Thursday, April 29, 2010

Motorola Swings To Profit; Struggling With Comeback

The Wall Street Journal

Motorola Inc. (MOT) swung to a first-quarter profit as a stronger economy lifted its non-handset divisions, but its marquee handset unit continued to struggle with its turnaround amid the competitive smartphone market.

Motorola, which previously warned of weaker phone shipments in the first quarter, said total phone shipments fell 43% despite an increase in sales of smartphones.

The results highlight the difficulty of competing against a flood of alternative smartphone makers in the market even as one of its devices, the Droid, gets serious backing from the nation's largest wireless provider in Verizon Wireless. While the company has rolled out several other devices, none have received the same kind of buzz or marketing support as the Droid.

The Schaumburg, Ill., telecommunications equipment maker posted a profit of $69 million, or 3 cents a share, compared with a year-earlier loss of $231 million, or 10 cents a share.

Revenue fell slightly to $5.04 billion.

Analysts, on average, had a first-quarter estimate of $5.1 billion in sales and a loss of 1 cent per share.

"The non-handset businesses really came through with higher profitability," said William Choi, an analyst at Jefferies & Co.

Co-Chief Executive Sanjay Jha won't have that benefit when Motorola completes its split, expected to occur in the first quarter of next year.
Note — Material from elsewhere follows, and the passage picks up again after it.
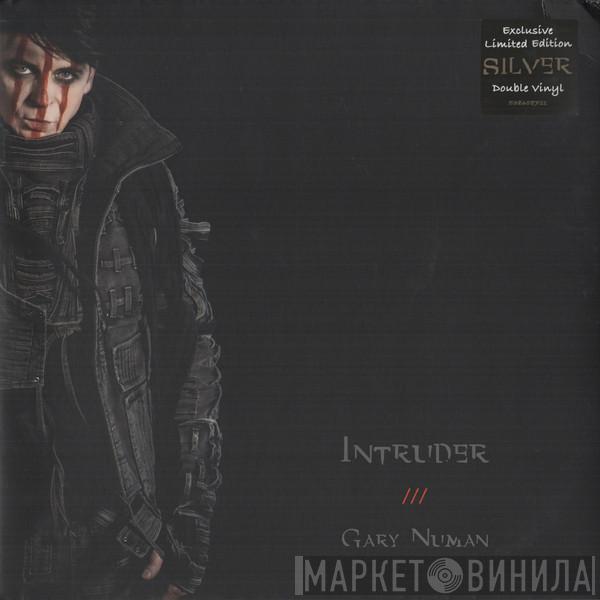 Gary Numan - Intruder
In addition to the hanset division, which posted a 9% decline in revenue and an operating loss of $192 million, he will get the profitable home division, which makes television set-top boxes. Despite an 18% decline in sales, the unit posted a profit of $20 million.

Things will only get tougher for Jha from here. HTC Corp.'s (HTCXF, 2498.TW) Droid Incredible is poised to take over Droid's spot as the flagship product at Verizon Wireless. Research in Motion Ltd. (RIMM) just unveiled two Blackberrys, and Apple Inc. (AAPL) is expected to launch the next version of its iPhone in the summer.
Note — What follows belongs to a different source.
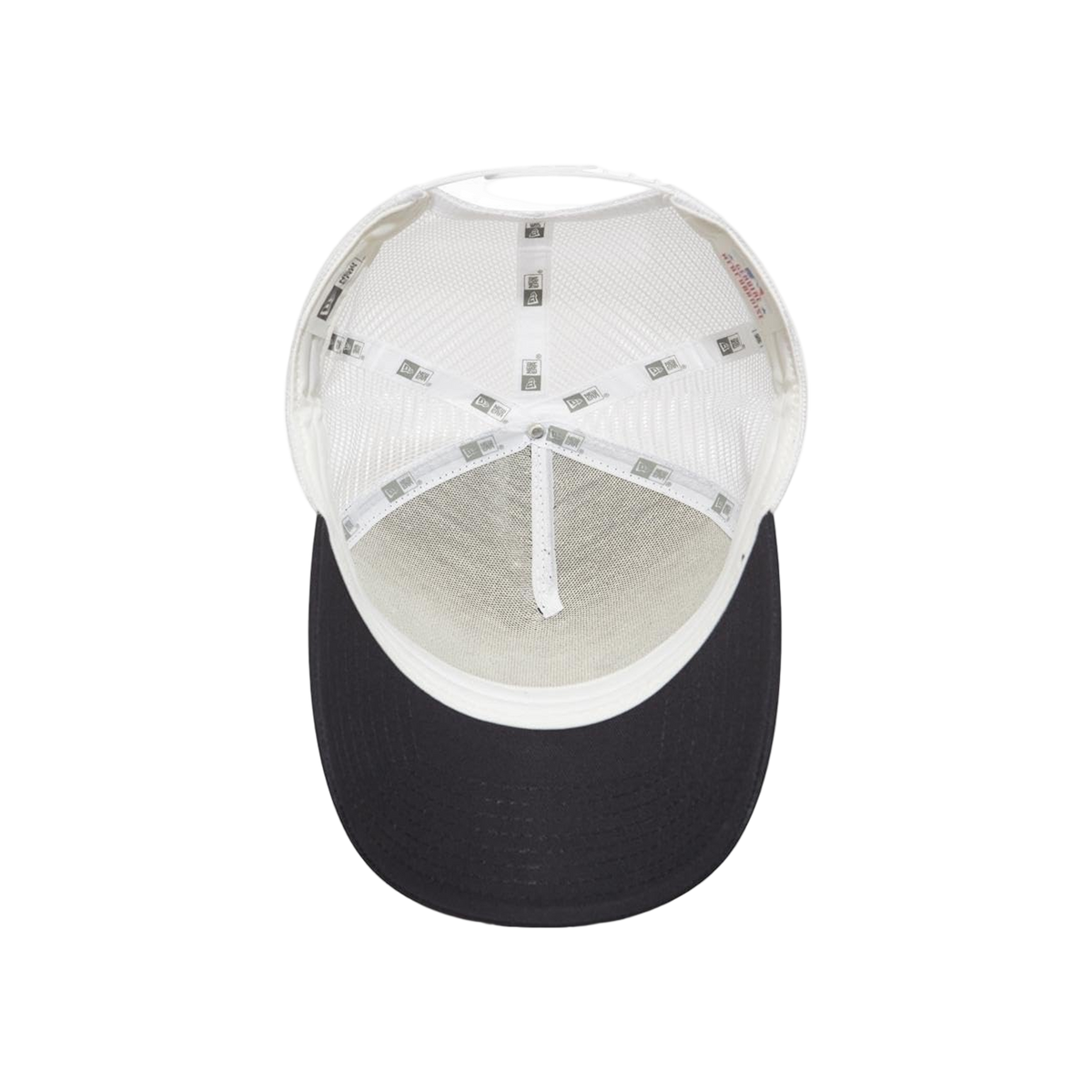 New Era League Essential 9Forty® Ef Trucker New York Yankees Navy/White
"Where does Verizon Wireless highlight their promotions this quarter?" Choi asked.

The competition has already overtaken one rival. Hewlett-Packard Co. (HPQ) said it had agreed to buy embattled smartphone pioneer Palm Inc. (PALM) for roughly $1 billion in cash.

Motorola drew strength from its enterprise mobility and networks units, run by fellow co-CEO Greg Brown. Both units doubled their earnings, as the enterprise mobility unit reported a 6% increase in revenue.

Motorola projected its second-quarter earnings excluding items at 7 cents to 9 cents a share.

Analysts have an average second-quarter earnings estimate of 3 cents a share.

The strong forecast suggests that the stronger mix of smartphones is leading to higher margins in the handset division. Jha has said he expects the unit to post a profit by the fourth quarter.

Motorola shares rose 4.8% to $7.25 in premarket trading.